Showalter called the campus to rally around the mutually upheld beliefs. “We are a diverse group. What we have in common is our focus on these core values. This is where we find unity amidst our diversity,” she said.
As part of her presentation, Showalter described each core value and challenged students to embrace them as their own.
The first value, being Christ-centered, is the fundamental reason “we have a college,” said Showalter. “The purpose of this college is to be an instrument in God’s voice calling you to be your own unique self.”
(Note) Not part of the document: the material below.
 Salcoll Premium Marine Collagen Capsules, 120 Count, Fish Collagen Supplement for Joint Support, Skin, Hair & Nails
As an example of the second core value, being a passionate learner, Showalter pointed to the Maple Scholar students who have been doing research side by side with professors all summer as one example of passionate learners. “Sometimes God calls us through the gift of our minds,” she said. “I invite you to stretch your mind as far as it will go — and that is farther than you know now.”
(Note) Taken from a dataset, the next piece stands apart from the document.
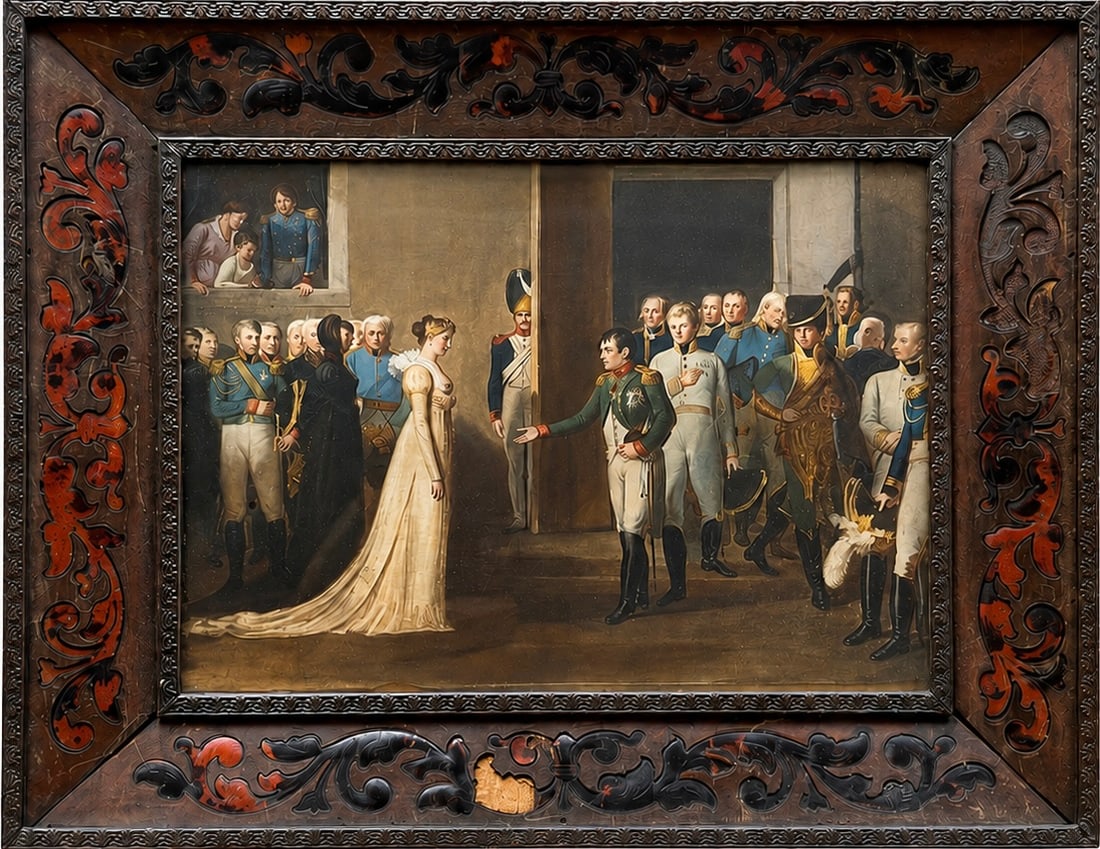 19th Century Continental Napoleanic Miniature Painting In Carved Polychrome Frame 8": Oil on porcelain 8 x 6 in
The third core value is that of becoming global citizens Ð “passionate learners who are no longer bound by their own culture and who learn to listen in other languages,” Showalter said. She gave the 10 percent of the student body who are from another country and the 64 percent of the student body who study abroad while at Goshen College as examples of this value.
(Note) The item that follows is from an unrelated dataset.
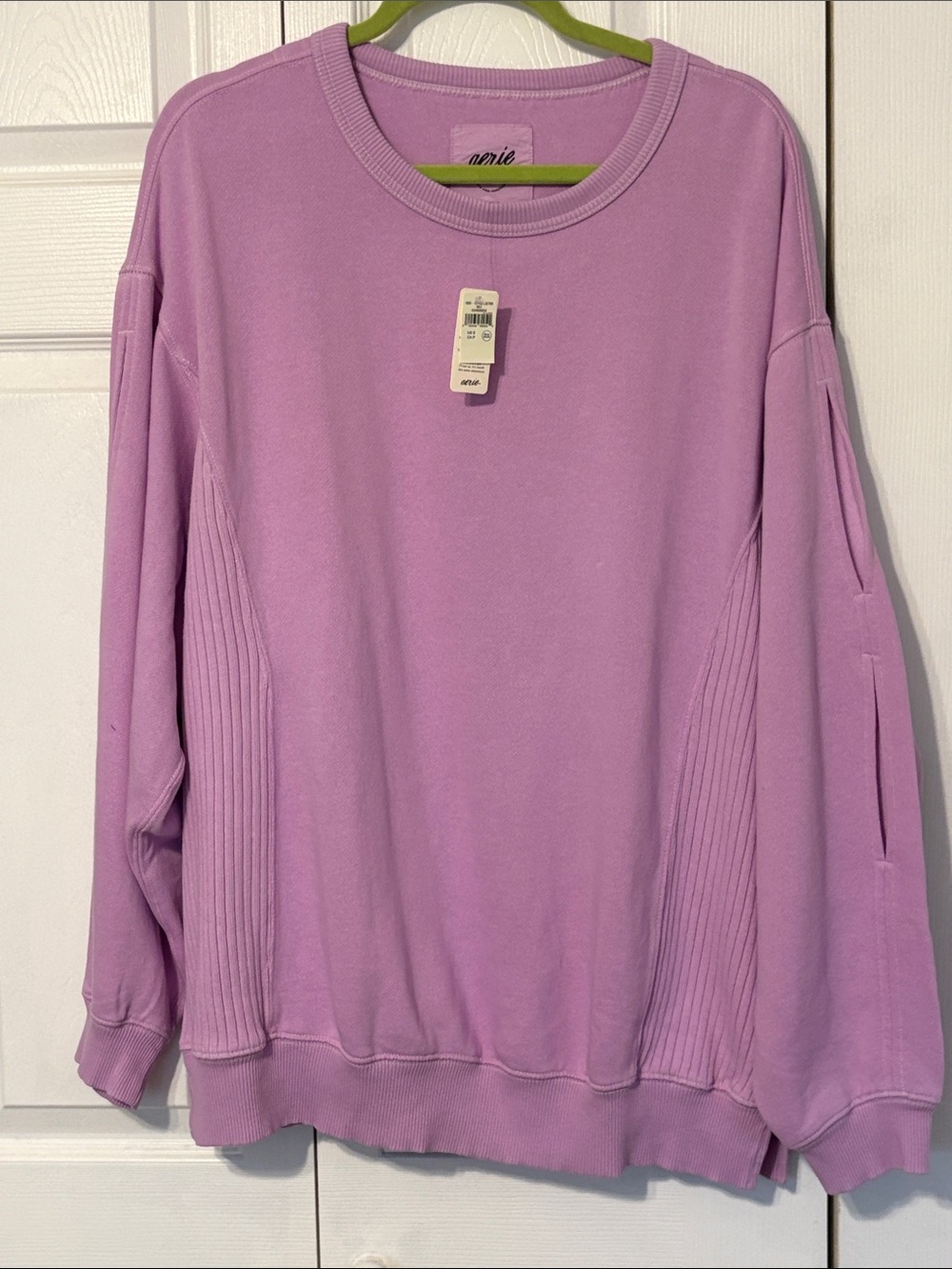 aerie Lilac Crewneck Sweatshirt with fun detailing!  NWT Small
In describing the fourth value, Showalter said, “Servant leaders think about how to serve others first, as Christ did. Leadership will result, but service is the objective. Because of this order, servant-leaders are the best leaders of all.” She highlighted the voluntary service of student athletes who helped move furniture and people into the dorms and to students who helped clean up fallen trees on campus after a violent storm Tuesday night.
Finally, Showalter said, the value of working to be compassionate peacemakers will be central to the coming school year through the general education theme of “Cultivating a Culture of Peace,” with many opportunities to hear speakers on the topic and engage the issues surrounding peacemaking.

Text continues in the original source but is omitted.